A historia nega as coisas certas. Ha periodos de ordem em que tudo é vil e periodos de desordem em que tudo é alto. As decadencias são ferteis em virilidade mental; as epochas de força em fraqueza do espirito. Tudo se mixtura e se cruza, e não ha verdade senão no suppol-a.

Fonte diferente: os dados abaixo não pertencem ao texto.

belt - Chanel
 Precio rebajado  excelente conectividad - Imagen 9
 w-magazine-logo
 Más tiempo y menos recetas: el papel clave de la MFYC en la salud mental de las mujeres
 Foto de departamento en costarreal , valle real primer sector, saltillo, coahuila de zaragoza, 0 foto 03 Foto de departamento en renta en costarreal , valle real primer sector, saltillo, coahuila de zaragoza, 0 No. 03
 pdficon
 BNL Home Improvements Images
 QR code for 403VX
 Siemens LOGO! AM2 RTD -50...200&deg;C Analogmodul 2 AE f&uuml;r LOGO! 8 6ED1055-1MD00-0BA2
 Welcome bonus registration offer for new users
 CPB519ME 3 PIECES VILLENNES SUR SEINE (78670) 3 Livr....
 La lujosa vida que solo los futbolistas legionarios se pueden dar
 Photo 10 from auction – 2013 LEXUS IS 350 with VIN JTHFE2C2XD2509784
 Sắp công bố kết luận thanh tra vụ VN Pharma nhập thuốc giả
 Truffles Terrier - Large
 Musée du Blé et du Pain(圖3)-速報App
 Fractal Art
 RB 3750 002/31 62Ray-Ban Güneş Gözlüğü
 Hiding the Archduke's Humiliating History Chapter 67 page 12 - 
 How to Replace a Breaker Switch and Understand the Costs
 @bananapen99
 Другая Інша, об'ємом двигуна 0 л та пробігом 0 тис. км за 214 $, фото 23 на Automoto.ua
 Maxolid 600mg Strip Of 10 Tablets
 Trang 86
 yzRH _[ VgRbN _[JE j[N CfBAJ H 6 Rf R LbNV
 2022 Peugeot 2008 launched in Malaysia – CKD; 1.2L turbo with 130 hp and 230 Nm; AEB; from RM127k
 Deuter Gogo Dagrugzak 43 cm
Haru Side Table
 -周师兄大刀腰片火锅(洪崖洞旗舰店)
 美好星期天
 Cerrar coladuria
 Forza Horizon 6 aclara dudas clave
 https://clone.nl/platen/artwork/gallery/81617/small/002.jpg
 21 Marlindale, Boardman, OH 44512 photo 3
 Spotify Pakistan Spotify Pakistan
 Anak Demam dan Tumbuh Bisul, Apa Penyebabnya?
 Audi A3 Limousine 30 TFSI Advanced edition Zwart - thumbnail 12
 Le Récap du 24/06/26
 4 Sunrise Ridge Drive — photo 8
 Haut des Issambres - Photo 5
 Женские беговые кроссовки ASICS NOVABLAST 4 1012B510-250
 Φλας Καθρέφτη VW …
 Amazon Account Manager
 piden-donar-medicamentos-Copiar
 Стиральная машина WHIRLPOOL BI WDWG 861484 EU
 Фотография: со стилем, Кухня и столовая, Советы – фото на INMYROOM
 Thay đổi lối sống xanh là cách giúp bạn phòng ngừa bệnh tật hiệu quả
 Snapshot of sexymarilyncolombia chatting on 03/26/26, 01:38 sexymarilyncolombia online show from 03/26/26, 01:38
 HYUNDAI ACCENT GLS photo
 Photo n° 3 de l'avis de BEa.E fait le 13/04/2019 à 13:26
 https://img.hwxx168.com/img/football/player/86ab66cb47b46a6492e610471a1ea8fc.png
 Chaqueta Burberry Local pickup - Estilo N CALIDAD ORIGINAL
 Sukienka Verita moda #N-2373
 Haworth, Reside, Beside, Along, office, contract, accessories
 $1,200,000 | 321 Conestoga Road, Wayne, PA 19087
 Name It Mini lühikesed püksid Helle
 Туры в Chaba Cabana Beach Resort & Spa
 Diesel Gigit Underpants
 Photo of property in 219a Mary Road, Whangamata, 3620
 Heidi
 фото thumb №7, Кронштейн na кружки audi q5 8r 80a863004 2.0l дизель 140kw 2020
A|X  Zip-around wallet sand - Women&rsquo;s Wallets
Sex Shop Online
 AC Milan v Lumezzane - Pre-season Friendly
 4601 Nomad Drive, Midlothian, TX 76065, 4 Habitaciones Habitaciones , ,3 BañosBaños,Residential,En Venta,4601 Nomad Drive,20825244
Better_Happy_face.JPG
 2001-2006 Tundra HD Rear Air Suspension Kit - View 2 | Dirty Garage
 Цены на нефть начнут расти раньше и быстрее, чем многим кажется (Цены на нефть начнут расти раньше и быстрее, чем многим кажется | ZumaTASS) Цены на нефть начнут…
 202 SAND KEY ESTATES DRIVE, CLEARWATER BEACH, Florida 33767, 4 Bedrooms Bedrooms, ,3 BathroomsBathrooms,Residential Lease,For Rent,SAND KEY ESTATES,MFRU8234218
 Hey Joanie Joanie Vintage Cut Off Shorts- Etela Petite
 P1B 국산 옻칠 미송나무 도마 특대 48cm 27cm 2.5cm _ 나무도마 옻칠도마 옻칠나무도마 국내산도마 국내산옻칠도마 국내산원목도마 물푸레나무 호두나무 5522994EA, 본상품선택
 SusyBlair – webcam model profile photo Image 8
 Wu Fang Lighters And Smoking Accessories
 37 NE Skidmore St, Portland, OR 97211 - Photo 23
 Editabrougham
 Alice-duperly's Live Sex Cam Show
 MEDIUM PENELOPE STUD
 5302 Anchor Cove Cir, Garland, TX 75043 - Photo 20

Tantos nobres ideaes cahidos entre o estrume, tantas ansias verdadeiras extraviadas entre o enxurro!

Para mim são eguaes, deuses ou homens, na confusão prolixa do destino incerto. Desfilam-me, neste quarto andar incognito, em successões de sonhos, e não são mais para mim do que foram para os que accreditaram nelles. Manipansos dos negros de olhos incertos e espantados, deuses-bichos dos selvagens de sertões emmaranhados, symbolos figurados de egypcios, claras divindades gregas, hirtos deuses romanos, Mithra senhor do Sol e da emoção, Jesus Messias da consequencia e da caridade, criterios varios do mesmo Christo, santos novos deuses das novas villas, todos desfilam, todos, na marcha funebre (romaria ou enterro) do erro e da illusão. Marcham todos, e atraz d'elles marcham, sombras vazias, os sonhos que, por serem sombras no chão, os peores sonhadores julgam que estão assentes sobre a terra — pobres conceitos sem alma nem figura, Liberdade, Humanidade, Felicidade, o Futuro Melhor, a Sciencia Social, e arrastam-se na solidão da treva como folhas movidas um pouco para a frente por uma cauda de manto regio vestido, no exilio eterno dos reis, por os mendigos que occuparam os jardins da casa da derrota.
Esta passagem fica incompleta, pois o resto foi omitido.